Objective: The aim of this pilot study was to evaluate the feasibility and the diagnostic potential of early 31P-MRS in aSAH.
Methods: Patients with aSAH treated for ruptured aneurysms between July 2016 and October 2017 were prospectively included in the study. 3-Tesla-MRI including 31P-MRS was performed within the first 72 h after hemorrhage. Data of the vascular territories of the anterior, middle, and posterior cerebral arteries (ACA, MCA, PCA) and the basal ganglia were separately analyzed and compared with data of a healthy age- and sex-matched control group. Phosphorous compound metabolites were quantified, and ratios of these metabolites were further evaluated. Influence of treatment modality, clinical conditions, and analgosedation were analyzed.

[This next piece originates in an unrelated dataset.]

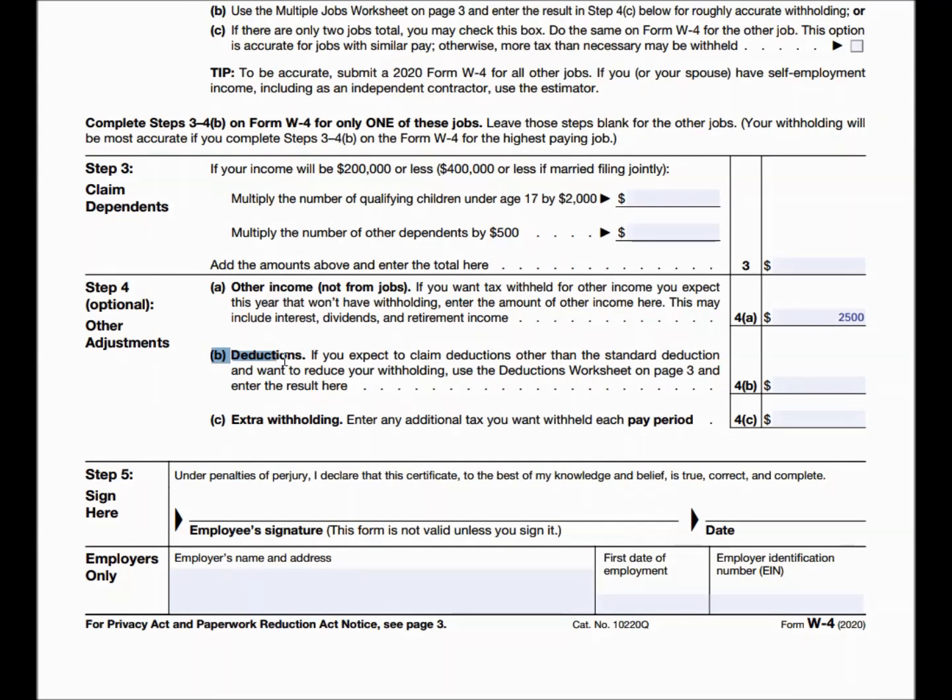Moving on to Step 4B — deductions. This is the section where you relay that you will have more deductions than the standard deduction, meaning you'll be itemizing. If you're itemizing and have more deductions than the standard, you'll pay less taxes, so you want the payroll system to withhold less. If you're claiming the standard deduction of $12,400, you're done — you don't need to fill in 4B or 4C; just sign, date, and you're good to go.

Results: Data of 13 patients were analyzed. 31P-MRS showed significant changes in cerebral energy metabolism after aSAH in all cerebrovascular territories. Both PCr/ATP and PCr/Pi ratio were notably increased (P < 0.001). Also, Pi/ATP was significantly decreased in all cerebrovascular territories (P = 0.014). PME/PDE ratio was overall significant decreased (P < 0.001).
Conclusion: 31P-MRS is a promising non-invasive imaging tool for the assessment of changes in energy metabolism after aSAH. It allows a detailed insight into EBI and seems to harbor a high potential for clinical practice.
Introduction
Aneurysmal subarachnoid hemorrhage (aSAH) and the associated early brain injury (EBI) are accompanied by a complex series of secondary pathophysiological cascades, leading to global alterations of the cellular environment and energy metabolism (1–3).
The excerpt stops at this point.